Flying Dragon: The Secret Scroll (飛龍の拳 奥義の書, Hiryū no Ken: Ōgi no Sho) is a 1987 side-scrolling platform video game, which includes some role-playing elements, developed by Culture Brain for the NES. It is the second title in the Hiryū no Ken series.

==Storyline==
In a mysterious region of China, Ryuhi, was born and raised in high mountain tops. There he received instruction from his wise teacher, Juan. At a young age he became a master of Kempo.

One day, his teacher Juan was attacked and robbed of the Secret Scrolls of Hiryu-no-Ken, of which he was the author. Ryuhi possessed the 6th volume of the Secret Scrolls, the Shingan No Sho, or Book of the Mind's Eye which Juan had managed to save.
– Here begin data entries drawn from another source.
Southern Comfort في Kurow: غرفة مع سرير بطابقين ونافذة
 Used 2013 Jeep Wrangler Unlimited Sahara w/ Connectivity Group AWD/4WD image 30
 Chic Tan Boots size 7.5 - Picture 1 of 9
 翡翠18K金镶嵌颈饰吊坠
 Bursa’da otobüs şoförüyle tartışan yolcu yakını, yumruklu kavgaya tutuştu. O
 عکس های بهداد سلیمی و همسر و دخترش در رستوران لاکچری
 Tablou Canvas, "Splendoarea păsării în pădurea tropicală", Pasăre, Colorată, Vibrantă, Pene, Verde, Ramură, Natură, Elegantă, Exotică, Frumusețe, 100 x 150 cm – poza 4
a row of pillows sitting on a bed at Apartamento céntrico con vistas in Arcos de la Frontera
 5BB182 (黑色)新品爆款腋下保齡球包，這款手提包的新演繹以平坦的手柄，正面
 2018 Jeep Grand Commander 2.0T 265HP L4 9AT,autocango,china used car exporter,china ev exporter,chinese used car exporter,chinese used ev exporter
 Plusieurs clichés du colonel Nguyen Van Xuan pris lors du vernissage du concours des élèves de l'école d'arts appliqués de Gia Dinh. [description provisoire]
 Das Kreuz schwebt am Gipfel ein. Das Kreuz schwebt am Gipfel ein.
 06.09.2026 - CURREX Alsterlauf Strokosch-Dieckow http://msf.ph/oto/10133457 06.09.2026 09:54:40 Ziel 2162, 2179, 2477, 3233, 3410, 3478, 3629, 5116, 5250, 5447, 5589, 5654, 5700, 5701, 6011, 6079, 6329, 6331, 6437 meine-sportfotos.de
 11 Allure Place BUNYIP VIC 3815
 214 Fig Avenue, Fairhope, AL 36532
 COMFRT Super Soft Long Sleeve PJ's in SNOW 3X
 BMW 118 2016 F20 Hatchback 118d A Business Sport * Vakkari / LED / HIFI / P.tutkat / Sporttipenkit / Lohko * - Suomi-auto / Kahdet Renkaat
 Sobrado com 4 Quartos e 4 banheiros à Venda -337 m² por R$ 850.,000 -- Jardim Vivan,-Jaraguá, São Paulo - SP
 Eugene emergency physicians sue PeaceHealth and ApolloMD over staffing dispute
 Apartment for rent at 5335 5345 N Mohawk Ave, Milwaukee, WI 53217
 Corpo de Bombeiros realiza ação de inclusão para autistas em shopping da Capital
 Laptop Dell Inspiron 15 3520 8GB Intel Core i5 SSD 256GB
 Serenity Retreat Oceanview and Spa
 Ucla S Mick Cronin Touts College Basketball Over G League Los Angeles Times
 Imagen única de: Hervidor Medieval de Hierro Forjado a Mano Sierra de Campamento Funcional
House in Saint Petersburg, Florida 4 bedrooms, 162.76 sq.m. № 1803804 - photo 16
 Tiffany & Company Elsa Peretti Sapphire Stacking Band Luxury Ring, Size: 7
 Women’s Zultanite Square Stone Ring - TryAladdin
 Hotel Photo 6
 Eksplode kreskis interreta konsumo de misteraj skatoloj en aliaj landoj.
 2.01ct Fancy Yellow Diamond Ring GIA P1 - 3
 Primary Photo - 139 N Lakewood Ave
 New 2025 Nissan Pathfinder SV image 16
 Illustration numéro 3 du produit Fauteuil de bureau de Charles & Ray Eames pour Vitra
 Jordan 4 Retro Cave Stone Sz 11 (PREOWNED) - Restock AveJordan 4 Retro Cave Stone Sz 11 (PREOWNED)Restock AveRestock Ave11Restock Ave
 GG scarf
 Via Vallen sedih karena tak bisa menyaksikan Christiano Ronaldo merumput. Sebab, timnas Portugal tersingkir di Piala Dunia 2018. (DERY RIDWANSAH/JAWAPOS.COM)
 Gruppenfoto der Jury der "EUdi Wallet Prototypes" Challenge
Ryuhi begins his journey to Shorinji as a last request from a dying Juan. Gengai, the bishop of Shorinji welcomed the little Ryuhi, and begins to train him in Shorinji Kempo.

Six years later, they received a letter of challenge from the Tusk Soldiers, a mysterious organization of enemies of the Shorinji. Ryuhi is determined to take part in the upcoming "World Tournament of Contact Sports" as a representative of Shorinji. His motive is to prevent the Tusk Soldiers from becoming champions of Contact Sports at the tournament. After learning from Gengai that it was the Tusk Soldiers who attacked his teacher and robbed him of the Secret Scrolls, he leaves for the World Tournament.

==Gameplay==
There are two different types of gameplay. Journey levels are side-scrolling levels where Ryuhi must defeat five bosses and find certain items valuable to the mission. The tournament levels are where the player gets to fight one-on-one against enemies in the same way as the first game in the series released in 1985, Shanghai Kid.

The player must go through the game twice to get the true ending. All six scrolls must be collected the first time through to get the first ending. The second time through the player needs to collect all six scrolls again, along with four crystal balls, who can only be found in the second quest. The players can miss one of these items and finish the game, but the true ending will not be received.

==Reception==
Upon release, Famitsu rated the game 28 out of 40.